[Problem statement] When you reach the line containing "ラフィネおおたかの森 201 2階1Kのリビング/ダイニング", begin reproducing the material exactly, stop after the line containing "ANA FLY!パンダ フライパンダ 飛行機模型 ボーイング767-300 - メルカリ", and leave out any pictures along the way.

[Exercise input]

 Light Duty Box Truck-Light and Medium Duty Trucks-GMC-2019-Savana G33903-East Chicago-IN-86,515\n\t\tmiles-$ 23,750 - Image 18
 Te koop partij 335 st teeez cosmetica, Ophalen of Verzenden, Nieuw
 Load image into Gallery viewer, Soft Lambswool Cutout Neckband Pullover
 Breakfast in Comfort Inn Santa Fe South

...

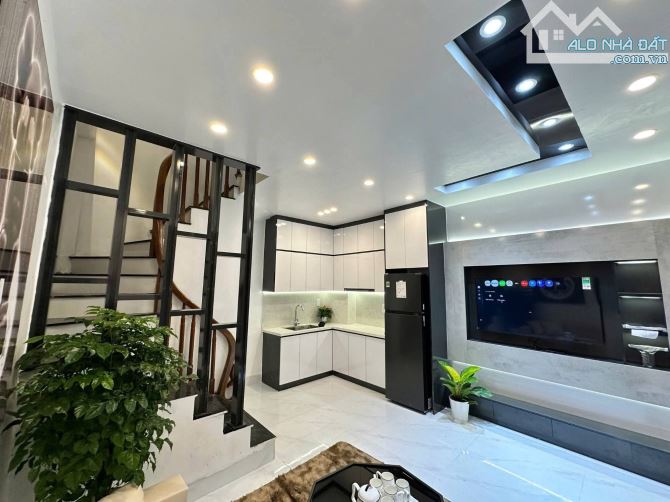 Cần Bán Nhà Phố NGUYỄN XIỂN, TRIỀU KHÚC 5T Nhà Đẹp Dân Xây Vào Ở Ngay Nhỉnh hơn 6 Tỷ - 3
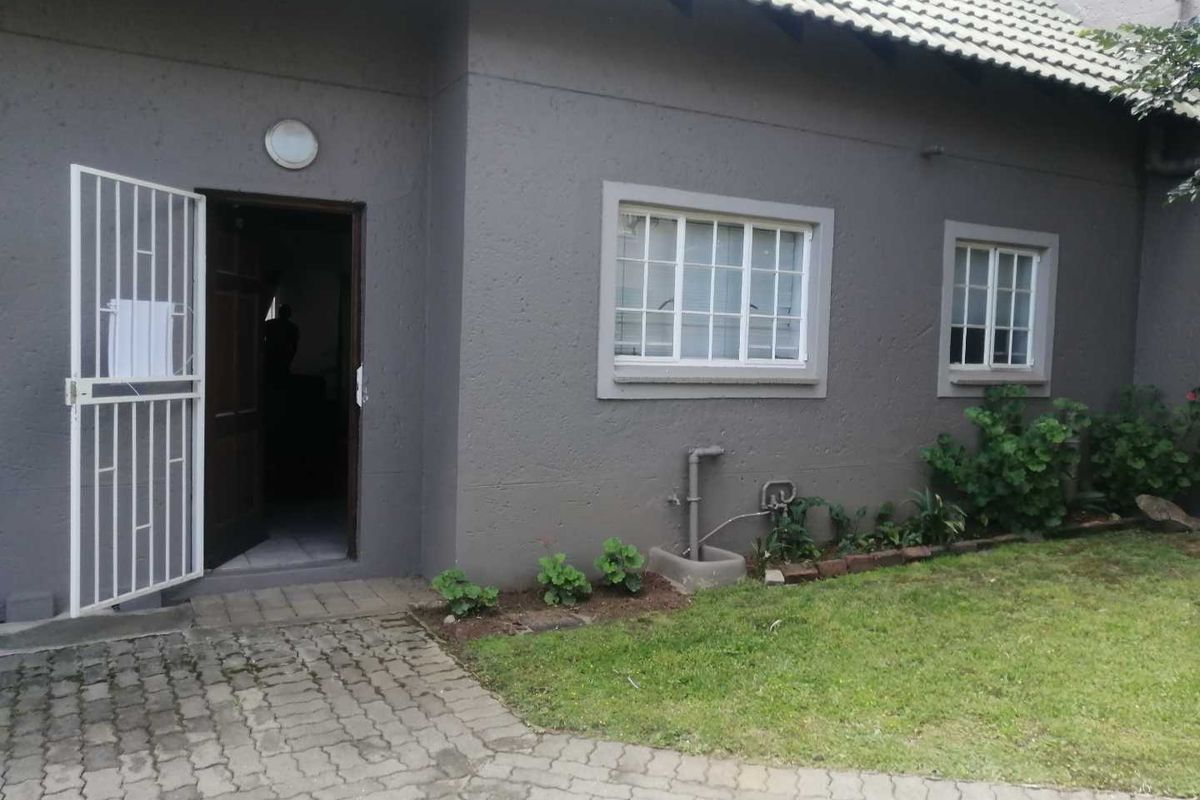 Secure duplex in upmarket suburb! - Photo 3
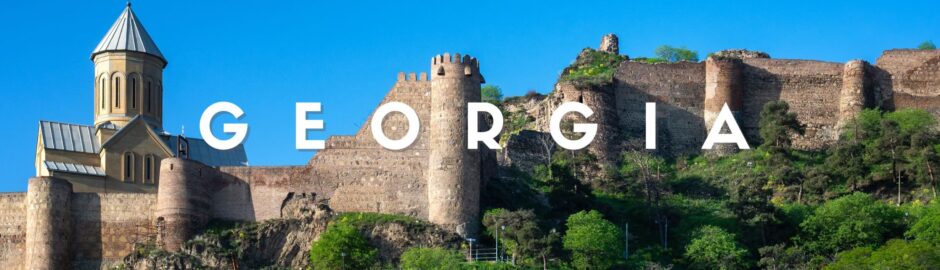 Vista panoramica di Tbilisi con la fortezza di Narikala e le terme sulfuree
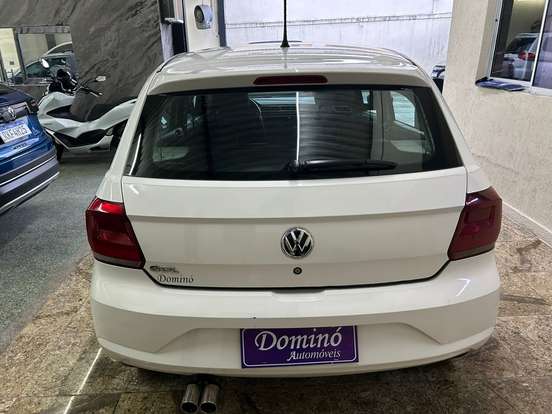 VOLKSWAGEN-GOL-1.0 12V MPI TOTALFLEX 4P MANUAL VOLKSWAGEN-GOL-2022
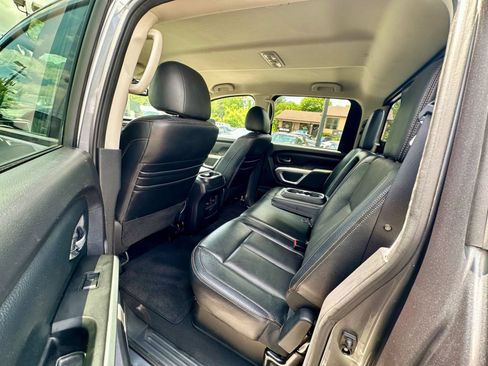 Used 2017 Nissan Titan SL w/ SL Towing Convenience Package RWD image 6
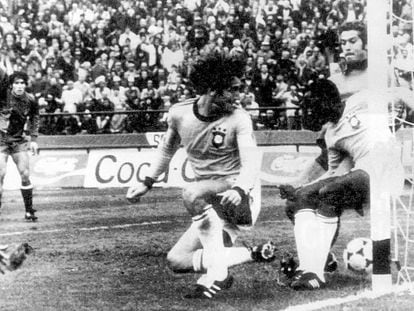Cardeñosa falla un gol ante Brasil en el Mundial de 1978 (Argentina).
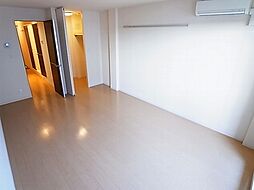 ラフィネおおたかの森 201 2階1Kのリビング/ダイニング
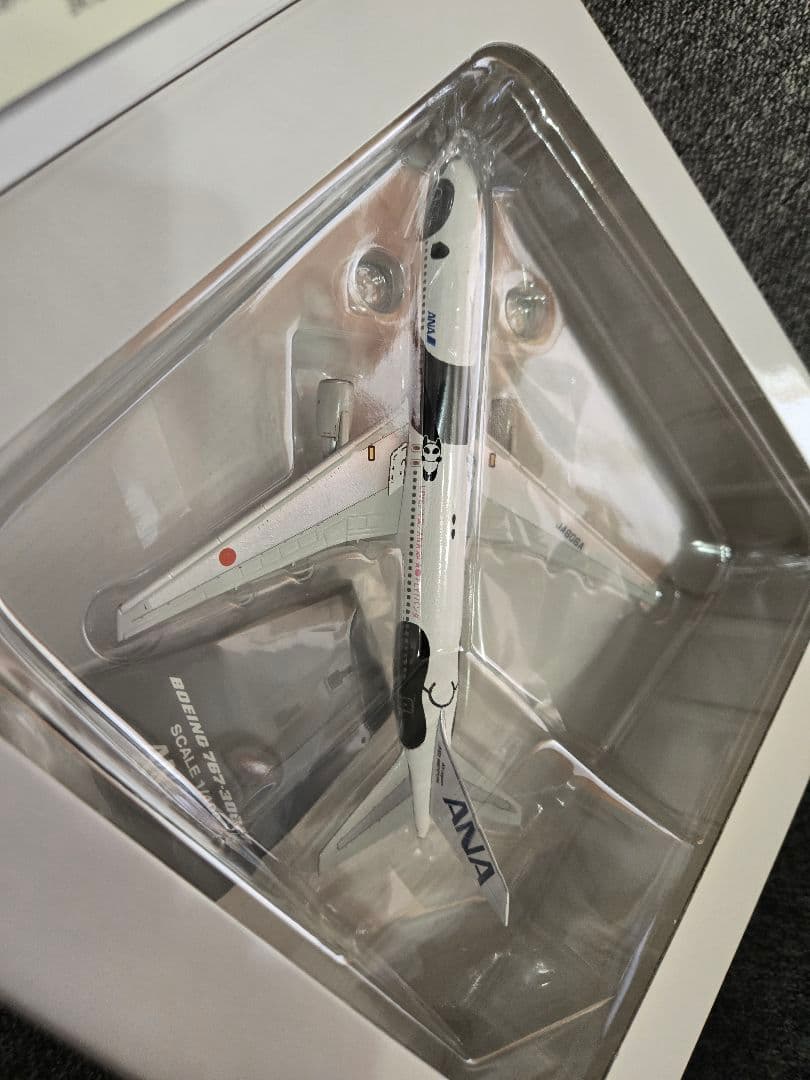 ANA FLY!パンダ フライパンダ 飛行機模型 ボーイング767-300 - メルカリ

[Solved problem]
 ラフィネおおたかの森 201 2階1Kのリビング/ダイニング
 ANA FLY!パンダ フライパンダ 飛行機模型 ボーイング767-300 - メルカリ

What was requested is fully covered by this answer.